Related ethnic groups
- Maasai people, Samburu people, Laikipiak people, Kwavi people

= Uasin Gishu people =

Kenyan community of people

The Uasin Gishu people were a community that inhabited a plateau located in western Kenya that today bears their name. They are said to have arisen from the scattering of the Kwavi by the Maasai in the 1830s. They were one of two significant sections of that community that stayed together. The other being the Laikipiak with whom they would later ally against the Maasai.

==c.1830 Origins==
According to narratives told to Thompson in 1883, a community referred to as "Wa-kwafi"(Kwavi) fragmented following a series of misfortunes that befell them "about 1830...".

Thompson notes that the original home of the 'Wa-kwafi' was "the large district lying between Kilimanjaro, Ugono and Pare on the west, and Teita, and Usambara on the east.

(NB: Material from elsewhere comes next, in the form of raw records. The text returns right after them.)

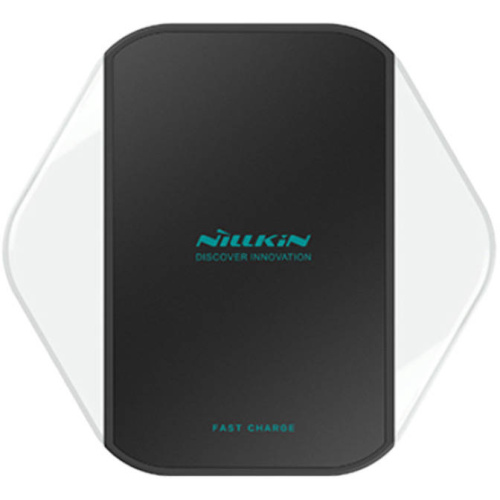 Nillkin Distributor - 6902048152533 - NLK1318 - Nillkin Magic Cube MC020 inductive wireless charger (black) - B2B homescreen
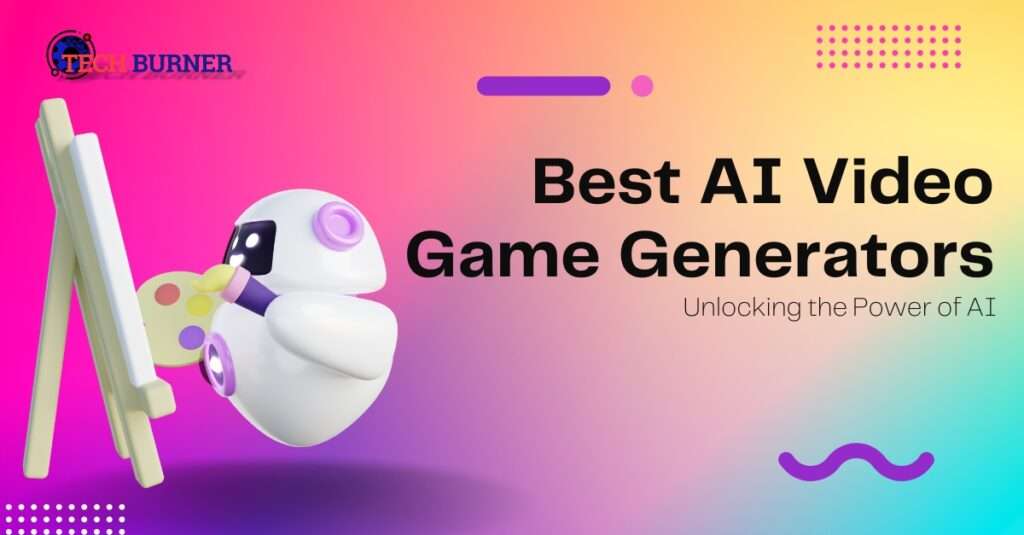 Best AI Video Game Generators – Unlocking the Power of AI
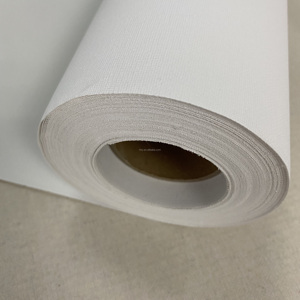 Tela in Cotone 100% in Rotolo per Dipinti, Arte su Tela, Decorazione Casa, Pittura con Numeri, Stampa Digitale - Product Image 1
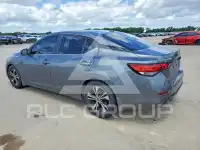 2021 Nissan SENTRA фото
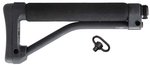 DoubleStar ARFX Skeleton Stock w/Buffer Tube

The Kwavi had been attacked by the Maasai while enfeebled by their 'misfortunes', the result being that the community was broken up and scattered to various corners.

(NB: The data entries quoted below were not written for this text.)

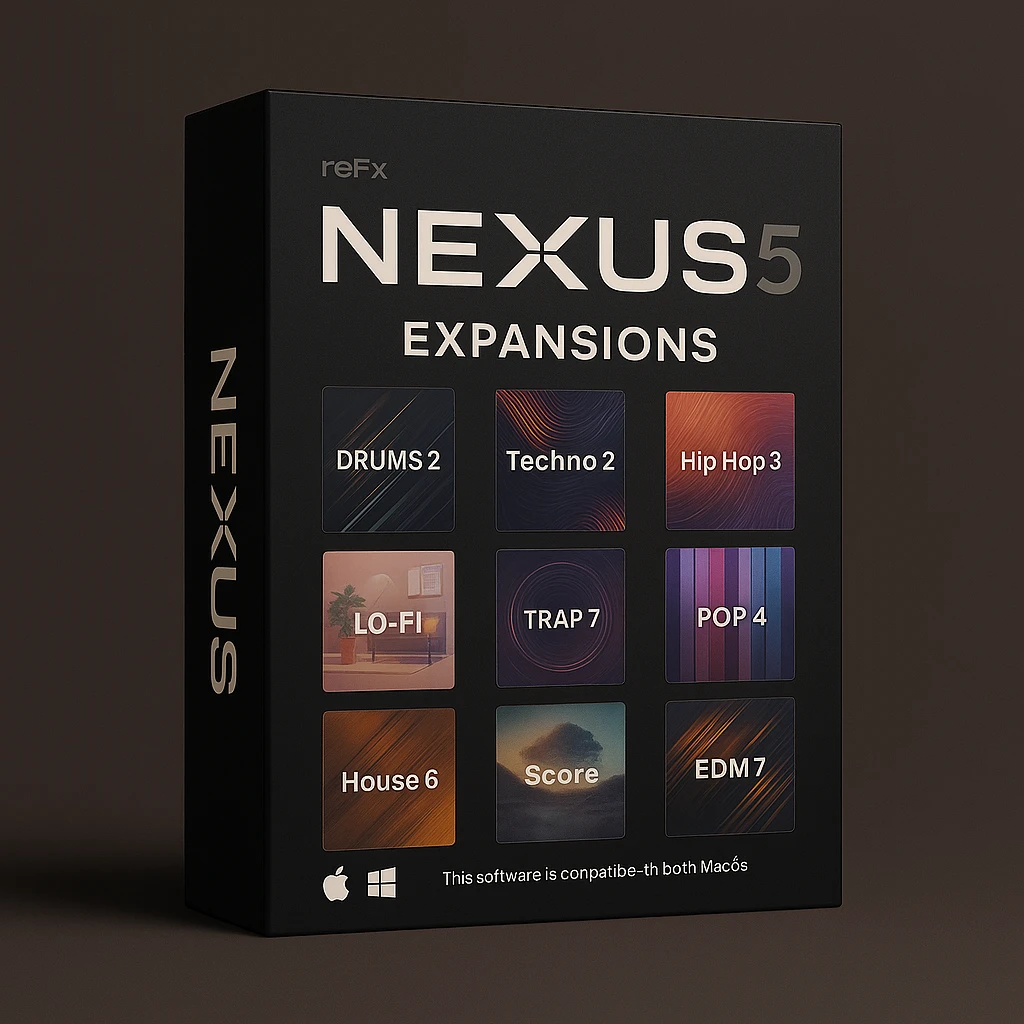 Refx Nexus 5 Refx Nexus 5 VST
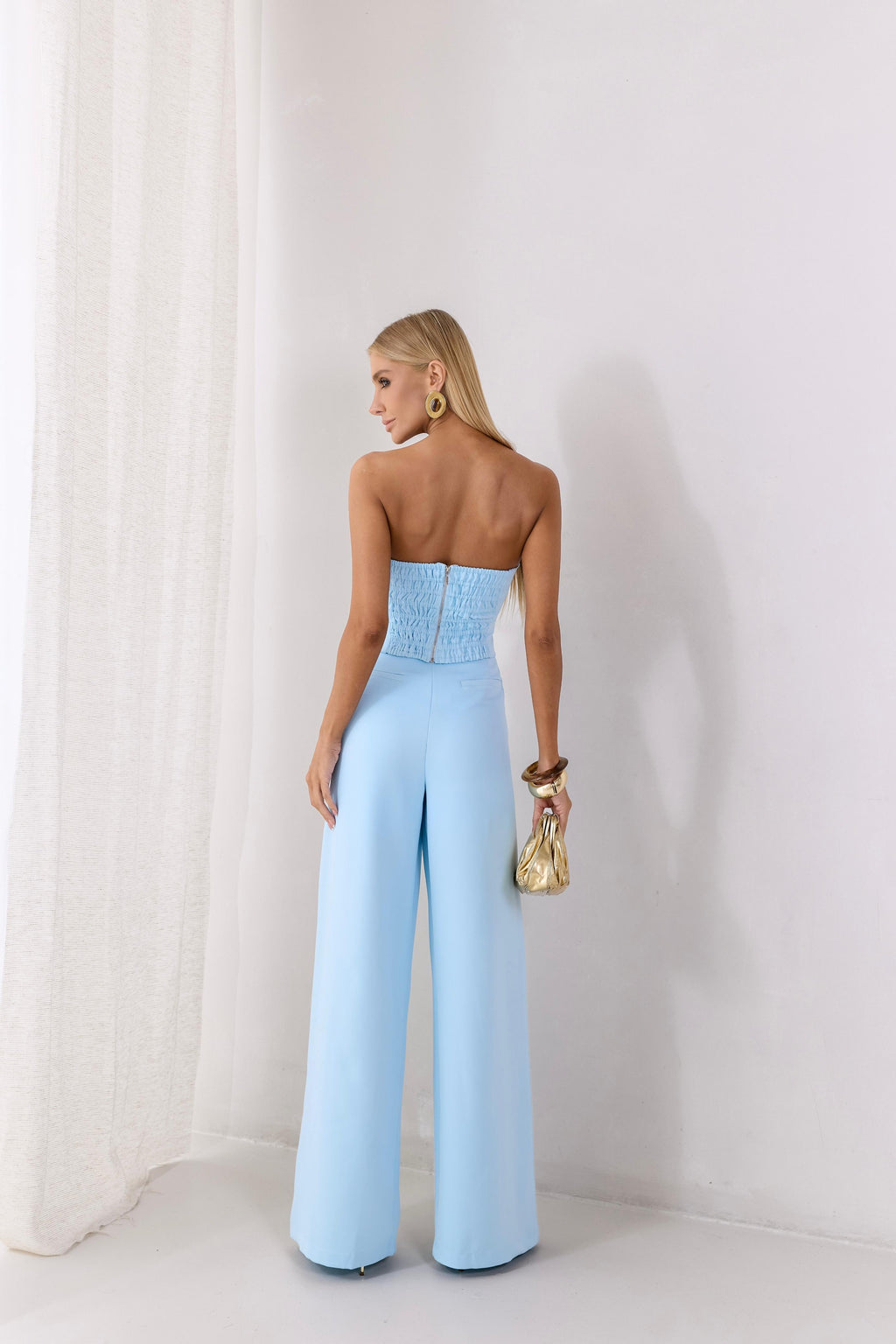 Conjunto Alfaiataria Premium Grécia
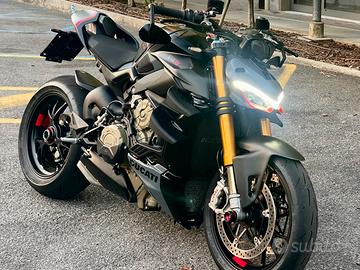 Ducati Streetfighter V4S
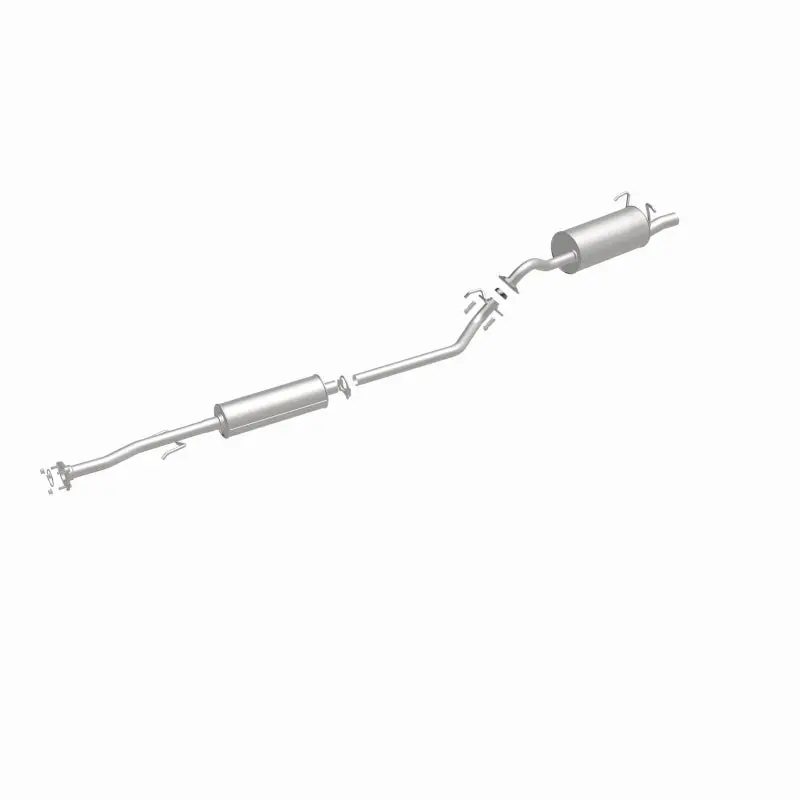 Magnaflow Bre Exhaust Kit 07-09 Honda Cr-V 2.4L 2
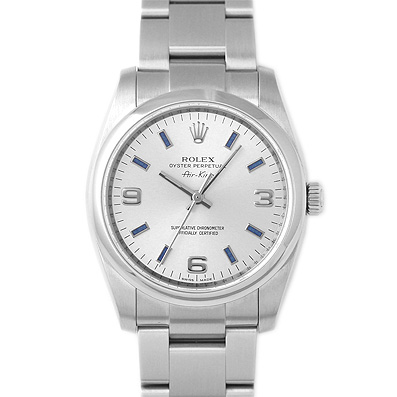 Швейцарские часы Rolex Oyster Perpetual Air-King 34mm
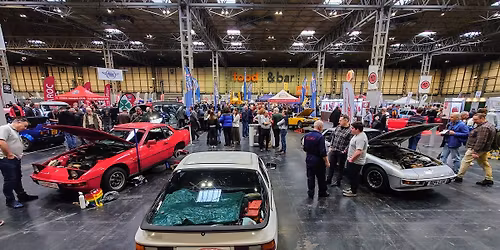 924OC @ Practical Classics Restoration Show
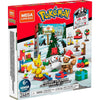 Spar King-Mega Construx GPV08 Pokemon Figuren Adventskalender Weihnachten Spielzeug Kinder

The Wa-kwafi were not all scattered thus, however, for a large division of the clan kept together, and contrived to cut their way through Kikuyu and to reach Lykipia, where they settled.
 Another section crossed the meridional trough and reached the opposite half of the plateau in Guas' Ngishu. In both places they found superb grazing-grounds and plenty of elbow room, and there for a time they remained quietly...
— Joseph Thompson, 1883

According to Maasai traditions recorded by MacDonald (1899), in taking over the plateau, the Uasin Gishu conquered a people he referred to as 'Senguer' and almost annihilated this community.

It is notable that certain accounts state that the name Uasin Gishu was actually the proper term for the Wuakuafi given. McDonald (1899) for instance writes that the "..Masai, Kwafi, and Samburu (or Kore) are three divisions of one tribe, the Eloegop..." while Wagner (1949) writes of "..the Uasin-Gishu Masai (Kwafi)...".

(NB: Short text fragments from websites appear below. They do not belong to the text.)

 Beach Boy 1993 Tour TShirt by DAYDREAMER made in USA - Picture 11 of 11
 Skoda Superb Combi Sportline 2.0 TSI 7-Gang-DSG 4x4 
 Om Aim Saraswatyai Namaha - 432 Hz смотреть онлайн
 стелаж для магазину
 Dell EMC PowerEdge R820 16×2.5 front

==Uasin Gishu - Siger war==

===Historicity===
According to Maasai tradition, the Uasin Gishu front conquered a group of people who occupied the Uasin Gishu plateau, this community is remembered as Senguer. Other Maasai traditions concur with this assertion, noting that the Loosekelai (i.e Sigerai/Siger) were attacked by an alliance of the Uasin Gishu and Siria communities.

Finding congruence with Maasai traditions, are Kalenjin traditions. The Kalenjin occupy the area around Uasin Gishu and according to certain narratives of origin, such as that recorded by Chesaina (1991) they were once attacked by the Uasin Gishu, causing the Kipsigis and Nandi to split. A tale which was recorded by Hollis (1905), starts "At a time when the Maasai occupied some of the Nandi grazing grounds". It is presumed that this was the Uasin Gishu plateau and that Nandi place names on the plateau were superseded by Maasai names. This is evinced by certain "Masai place-names in eastern Nandi (i.e Uasin Gishu border) which indicate that the Masai had temporary possession of strip of Nandi roughly five miles wide", these include Ndalat, Lolkeringeti, Nduele and Ol-lesos, which were by the early nineteenth century in use by the Nandi as koret (district) names.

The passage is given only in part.